# Bathroom Vanity - Ok to cut it in back?



## majch (Mar 22, 2012)

Hi everyone -

We purchased a bathroom vanity and the square pre-cut hole in the back is not big enough. Our hot/cold water pipes coming in from the wall won't fit in the pre-cut hole and it causes it to not be pushed up far enough against the wall.

These are the specs:
Solid Wood Frame	Yes
Wood Species Birch
Side Panel Material	Plywood
Side Panel Thickness	3/4-in

and here is the link of the vanity : LINK

Would anyone see any issues if i cut a bigger hole in back? I've never done it before and just want to ensure i'm not missing something that would cause this to fail.

Thanks


----------



## 1acre (Oct 5, 2015)

it's ok to cut a larger hole in the back. in a lot of cabinets, it is 1/4" melamine product on the back and cosmetic only. Regardless, making a bigger hole won't weaken the cabinet strength in any significant way. And it is done all the time.


----------



## Ron6519 (Mar 28, 2007)

Just use a fine toothed blade or utility knife so splintering is minimized.


----------



## firehawkmph (Dec 12, 2009)

Most of the vanities I install have solid backs. I normally cut holes for the supply lines and waste lines with various hole saws. Might work in your case. If I don't use a hole saw, then it's my Porter cable jig saw with a scrolling blade with 18 tpi.

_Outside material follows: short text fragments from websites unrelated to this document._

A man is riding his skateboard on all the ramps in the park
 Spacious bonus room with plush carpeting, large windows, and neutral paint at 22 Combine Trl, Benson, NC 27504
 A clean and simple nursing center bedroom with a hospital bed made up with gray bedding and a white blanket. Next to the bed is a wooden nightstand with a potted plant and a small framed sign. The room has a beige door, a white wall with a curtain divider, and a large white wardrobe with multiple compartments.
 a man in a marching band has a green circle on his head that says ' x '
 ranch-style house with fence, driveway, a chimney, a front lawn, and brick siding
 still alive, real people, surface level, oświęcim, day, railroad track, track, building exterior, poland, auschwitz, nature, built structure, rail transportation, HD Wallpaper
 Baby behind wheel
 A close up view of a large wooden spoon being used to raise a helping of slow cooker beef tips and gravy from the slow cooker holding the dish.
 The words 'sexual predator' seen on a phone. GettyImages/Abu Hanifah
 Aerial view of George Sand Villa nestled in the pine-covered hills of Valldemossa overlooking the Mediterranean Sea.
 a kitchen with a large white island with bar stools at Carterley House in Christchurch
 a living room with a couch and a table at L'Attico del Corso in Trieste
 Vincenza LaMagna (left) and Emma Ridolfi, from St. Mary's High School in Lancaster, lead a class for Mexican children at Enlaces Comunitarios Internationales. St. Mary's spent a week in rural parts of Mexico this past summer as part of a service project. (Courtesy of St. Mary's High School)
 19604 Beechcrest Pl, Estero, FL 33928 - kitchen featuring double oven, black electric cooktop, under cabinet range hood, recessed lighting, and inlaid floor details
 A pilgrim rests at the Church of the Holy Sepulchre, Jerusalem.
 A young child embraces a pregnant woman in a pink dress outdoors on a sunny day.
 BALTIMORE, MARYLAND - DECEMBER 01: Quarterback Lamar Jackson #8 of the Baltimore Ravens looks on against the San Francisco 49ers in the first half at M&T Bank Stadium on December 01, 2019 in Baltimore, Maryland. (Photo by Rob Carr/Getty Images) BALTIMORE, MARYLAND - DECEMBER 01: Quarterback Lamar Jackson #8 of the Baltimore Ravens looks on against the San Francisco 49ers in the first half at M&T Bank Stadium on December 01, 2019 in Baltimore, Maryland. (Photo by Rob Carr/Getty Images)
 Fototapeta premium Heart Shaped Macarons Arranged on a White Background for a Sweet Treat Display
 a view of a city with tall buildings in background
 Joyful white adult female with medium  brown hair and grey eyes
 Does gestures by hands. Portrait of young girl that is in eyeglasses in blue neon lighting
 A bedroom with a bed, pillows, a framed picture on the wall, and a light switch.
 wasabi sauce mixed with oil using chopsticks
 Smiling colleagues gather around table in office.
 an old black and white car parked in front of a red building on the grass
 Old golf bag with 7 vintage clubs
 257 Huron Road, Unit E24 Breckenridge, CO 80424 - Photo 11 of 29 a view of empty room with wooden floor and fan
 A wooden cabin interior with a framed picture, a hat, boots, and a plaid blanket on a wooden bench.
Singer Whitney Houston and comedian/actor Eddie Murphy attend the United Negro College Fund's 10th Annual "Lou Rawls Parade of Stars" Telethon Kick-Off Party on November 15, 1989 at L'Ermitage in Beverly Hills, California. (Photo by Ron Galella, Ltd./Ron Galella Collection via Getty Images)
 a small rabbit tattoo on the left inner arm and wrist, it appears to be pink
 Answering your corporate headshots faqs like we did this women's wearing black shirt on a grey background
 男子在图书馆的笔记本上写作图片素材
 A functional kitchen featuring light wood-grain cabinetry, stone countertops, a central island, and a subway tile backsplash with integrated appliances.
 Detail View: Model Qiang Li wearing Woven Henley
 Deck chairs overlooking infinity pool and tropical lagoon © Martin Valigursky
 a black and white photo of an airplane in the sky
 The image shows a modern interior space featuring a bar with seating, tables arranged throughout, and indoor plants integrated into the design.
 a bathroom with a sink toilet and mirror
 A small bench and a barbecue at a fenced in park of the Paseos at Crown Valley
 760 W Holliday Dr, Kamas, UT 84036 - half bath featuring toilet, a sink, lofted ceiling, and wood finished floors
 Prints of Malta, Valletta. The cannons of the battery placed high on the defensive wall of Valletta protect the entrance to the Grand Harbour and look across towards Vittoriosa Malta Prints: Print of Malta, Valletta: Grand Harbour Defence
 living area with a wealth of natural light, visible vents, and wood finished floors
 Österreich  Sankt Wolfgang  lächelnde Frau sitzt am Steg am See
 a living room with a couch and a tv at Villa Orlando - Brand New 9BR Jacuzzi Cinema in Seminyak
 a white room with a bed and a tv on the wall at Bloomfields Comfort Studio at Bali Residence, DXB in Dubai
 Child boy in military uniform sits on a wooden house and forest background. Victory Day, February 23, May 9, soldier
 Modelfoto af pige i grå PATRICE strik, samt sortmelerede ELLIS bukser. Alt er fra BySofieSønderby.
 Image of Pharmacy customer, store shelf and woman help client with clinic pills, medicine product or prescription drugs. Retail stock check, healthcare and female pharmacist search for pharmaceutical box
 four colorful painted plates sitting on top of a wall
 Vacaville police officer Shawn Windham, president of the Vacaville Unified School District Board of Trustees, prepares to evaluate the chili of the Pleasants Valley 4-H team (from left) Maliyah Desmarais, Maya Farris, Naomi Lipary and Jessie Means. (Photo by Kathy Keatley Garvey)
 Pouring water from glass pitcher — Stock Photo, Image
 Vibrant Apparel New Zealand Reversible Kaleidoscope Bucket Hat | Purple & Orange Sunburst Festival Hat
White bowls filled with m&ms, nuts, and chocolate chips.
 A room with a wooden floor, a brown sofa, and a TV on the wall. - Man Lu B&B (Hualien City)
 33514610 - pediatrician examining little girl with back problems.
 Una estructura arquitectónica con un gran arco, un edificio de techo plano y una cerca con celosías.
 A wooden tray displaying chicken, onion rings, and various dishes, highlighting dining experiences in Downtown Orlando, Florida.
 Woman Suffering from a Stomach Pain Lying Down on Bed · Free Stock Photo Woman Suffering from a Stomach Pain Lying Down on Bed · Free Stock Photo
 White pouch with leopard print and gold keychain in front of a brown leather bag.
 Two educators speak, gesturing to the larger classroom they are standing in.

It cuts nice and doesn't tear up the cabinet back, many which are very thin material. If you want, put some blue painters tape on the cabinet where you're going to cut to minimize tearout and splintering. When I build custom vanities, I turn matching escutcheons like in the pic here. White oak.
Mike Hawkins:smile:


----------



## MT Stringer (Oct 19, 2008)

A metal cutting blade in a jig saw makes a smooth cut. Tape off the area with painters tape, draw the cut lines and get after it.


----------



## GLR (Dec 15, 2015)

Hello Majch good looking vanity.
Most all the cabinets I've set over the years have backs, except most vanities. The vanities I've set that customers got from the big box usually have large sq cutouts, not always in the right spot. Not all plumbers rough in the same. I will usually make the sq cutout larger to the side that's causing interference, as cutting only one or two holes for the water or drain plus the large sq cut out would kinda look like a bu bu. In your case, the cut out will not be seen, due to the drawers. I personally would simply enlarge the existing hole appropriately. 99% cut outs I make with an old laminate trimmer, w/plunge bit. I cut my holes tight(measure, measure, measure) so the scutcheons cover any frayed edges. Any method should work for you as others have explained, knife, hole saw, jigsaw, fine key hole saw or hand saw for straight cuts. Hope the drawers aren't full cab length if the plumbing is too low. Gary


----------



## majch (Mar 22, 2012)

Thanks everyone for the feedback. For the suggestion with painters tape, would I tape the area I want to cut through or the tap the area around my cut? I assume the latter, but don't know.


----------